WHAT THE TASK REQUIRES — Without any of its pictures, the listing below should be output exactly.

MATERIAL PROVIDED —
────

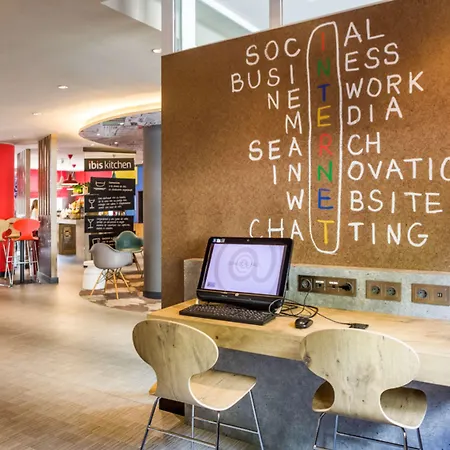 Ibis Barcelona Hotel 2*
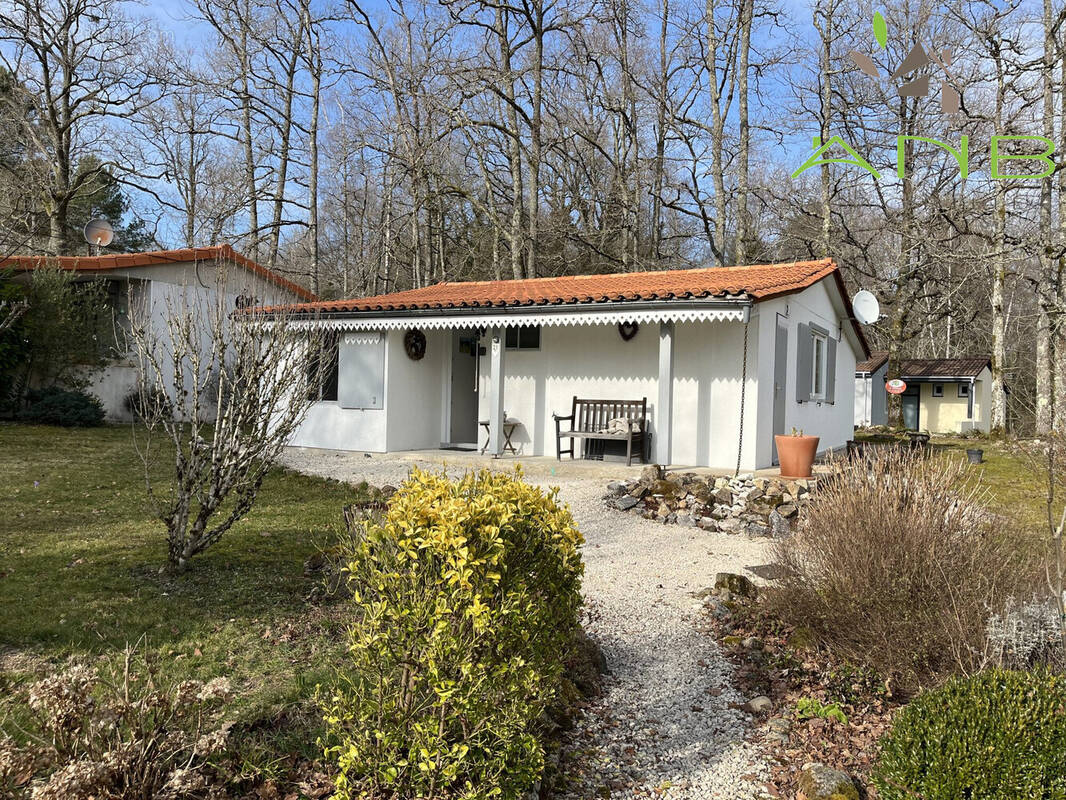 Maison à ECURAS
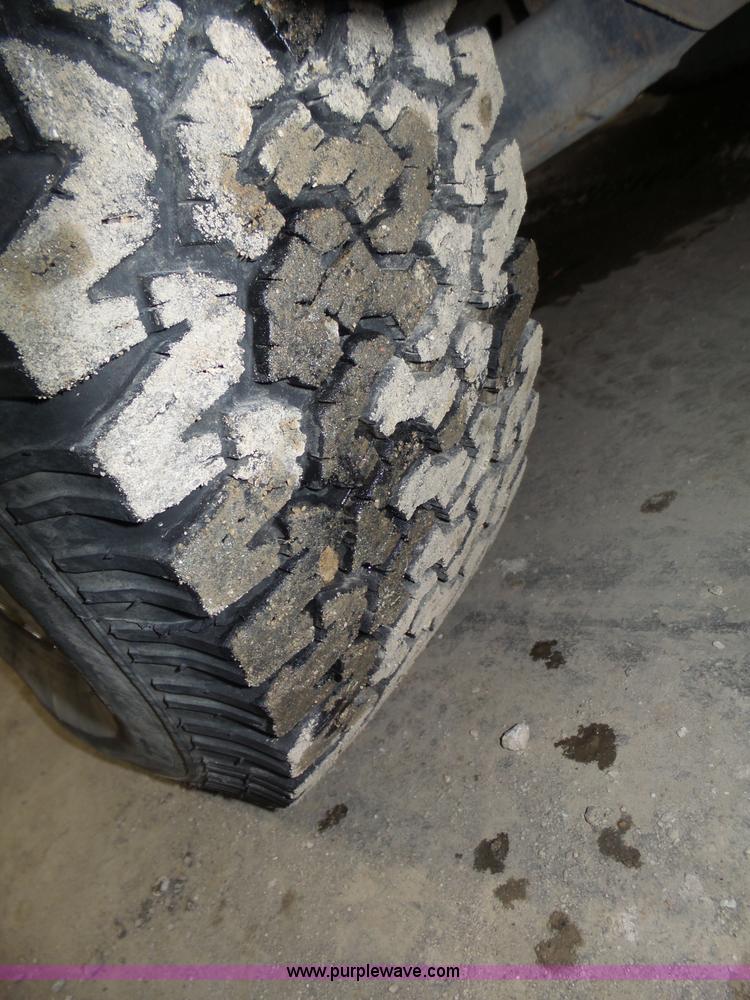 image for item J8818 2000 Ford F150 XLT SuperCab pickup truck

────

RESULT OF THIS TASK —
 Ibis Barcelona Hotel 2*
 Maison à ECURAS
 image for item J8818 2000 Ford F150 XLT SuperCab pickup truck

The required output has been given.